The Canadian Rangers are part-time army reservists and operate in 23 remote Cree, Oji-Cree, and Ojibway First Nations in Northern Ontario, 20 of which have no year-round road access. They are 98 per cent indigenous and 40 per cent are female. They are called on frequently to provide skilled assistance in emergencies such as searches, plane crashes, forest fires, and floods.
True citizen soldiers, they have received medals, awards, and commendations for rescuing missing persons, saving lives in several fires, and for serving their communities with distinction in times of crisis. They operate in some of the most challenging and potentially dangerous terrain in the world. Much of it is in the sub –Arctic and winter temperatures can plunge to -50C and colder.
They also mentor the Junior Canadian Rangers, a culturally appropriate youth program for boys and girls aged 12 to 18.
The Rangers are trained to use their traditional on-the-land skills and specialized local knowledge to serve their local communities.
“We are an indispensable community organization in our First Nations,” Colonel Richardson said. ”We’re indispensable because we save lives. We did 25 ground search and rescue operations last year and saved lives in every one. The Rangers have responded to forest fires, floods, and evacuations, including the tainted water crisis in Kashechewan in 2005 when we evacuated more than 800 people.”
When the Cree community of Attawapiskat faced a crisis last year after more than 100 young people tried to commit suicide in an eight-month period the Rangers provided a range of activities for many of the dispirited youth left in the troubled settlement during the spring goose hunt.

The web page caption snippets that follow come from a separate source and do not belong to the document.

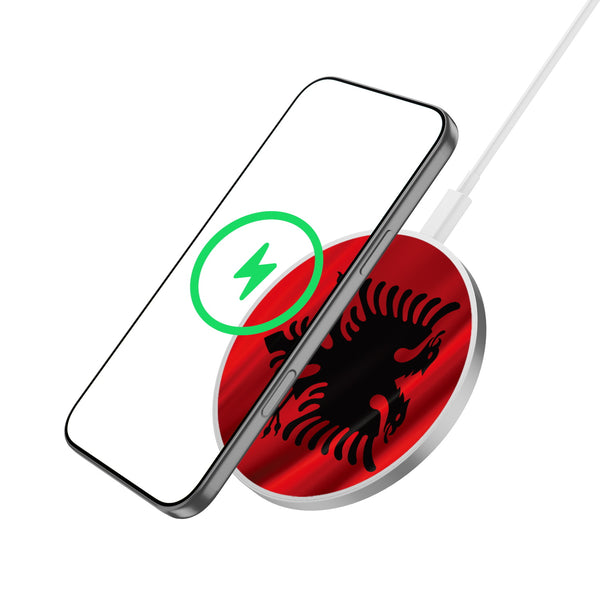 MyBat Design Lab Series Wireless Charging Pad - Silver - Albania Flag - MCGWIRC22SL-140-2.jpg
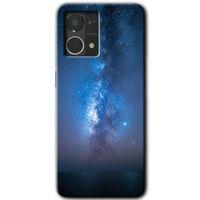 MRCİLETİSİM Oppo Reno 7 4G Kılıf HD Desen Baskılı Arka Kapak+Temperli Cam - Samanyolu
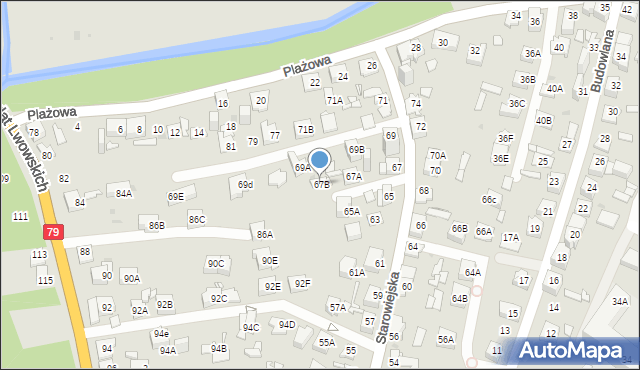 Sosnowiec, Starowiejska, 67B, mapa Sosnowca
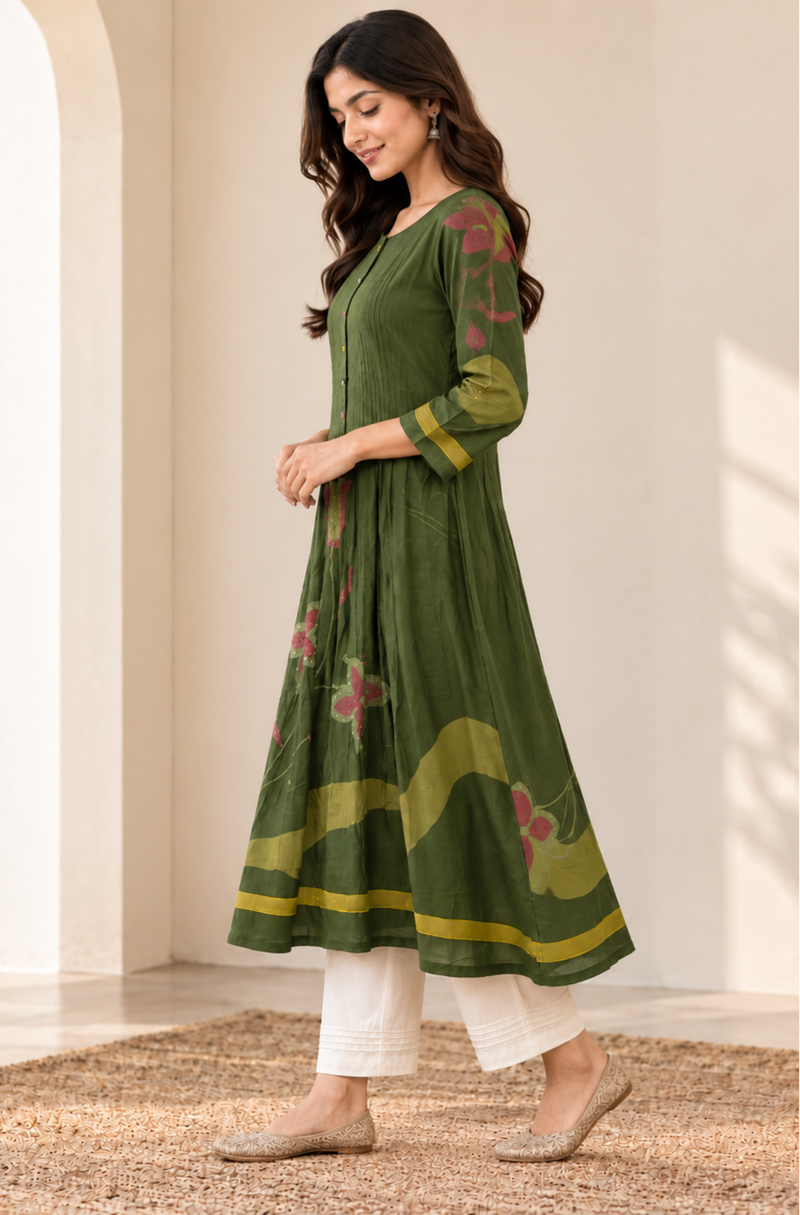 Olive Green Floral Printed Anarkali Kurta Set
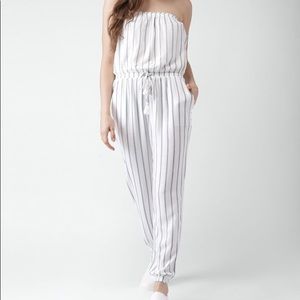 Striped strapless jumpsuit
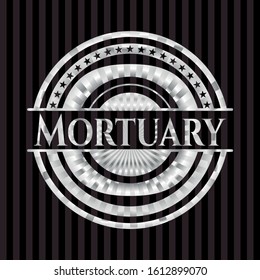 Mortuary silvery shiny emblem. Vector Illustration. Mosaic.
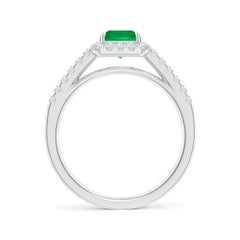 Angara Natural Emerald-Cut Emerald Ring with Diamond Halo in 14K Solid Gold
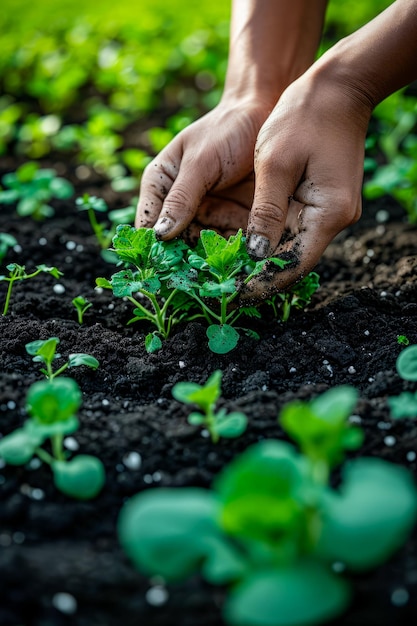 Foto mão está tirando planta verde da sujeira no jardim ia geradora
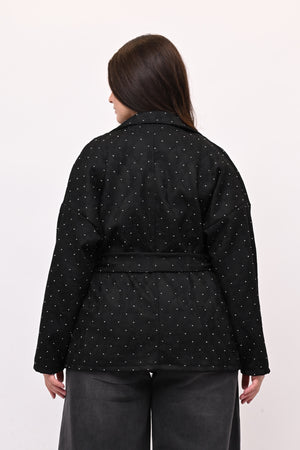 Giacca strass e cinta - Nero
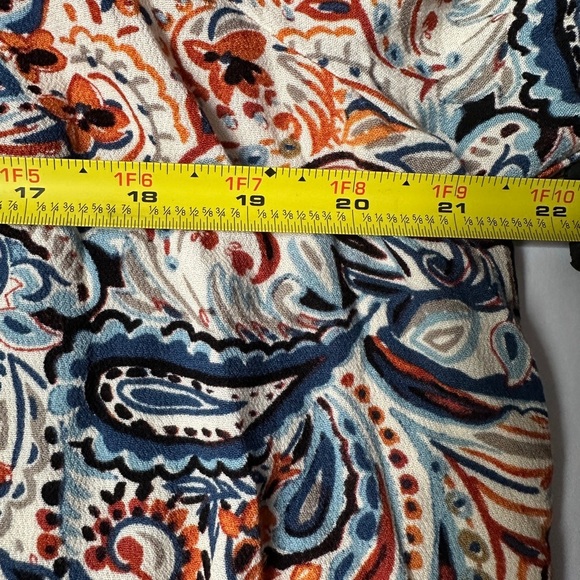 AGB Top Women Paisley Print Large Gathered neckline Long Sleeve Navy and Orange - Picture 6 of 11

The Rangers’ training is provided by full-time instructors from the headquarters staff of 3 CRPG at CFB Borden. The instructors spend up to 120 days a year in the North, travelling to different First Nations to provide training. “The instructors are very special people who do a tremendous job,” Colonel Richardson said. “They spend as much as a third of their time away from their families.”
He also praised the other headquarters staff, who provide administrative support and arrange for equipment, clothing, food, and other items to get to the remote First Nations. “The staff do an amazing job on a daily basis,” he said.
Full time instructors also travel north to support the Junior Canadian Ranger program.
While the Rangers of 3 CRPG are little known in Southern Ontario they are highly respected across the top half of the province. They operate within an area known as Nishnawbe Aski Nation. Its Grand Chief, Alvin Fiddler, was impressed when he participated in a Ranger search and rescue exercise in Sachigo Lake First Nation.
“This was my first experience with the Rangers and they were impressive,” he said at the end of the exercise, “To see what they can do with the skills they have acquired from their army training is something to see. These were real life search scenarios that were part of the exercise (they involved a drug overdose, an overdue hunting party, and an overturned canoe) and they happen in our communities too often. The Ranger program allows our communities to respond in a way that meets their needs. I think it’s great.”
(Sergeant Peter Moon is the public affairs ranger for 3 CRPG.)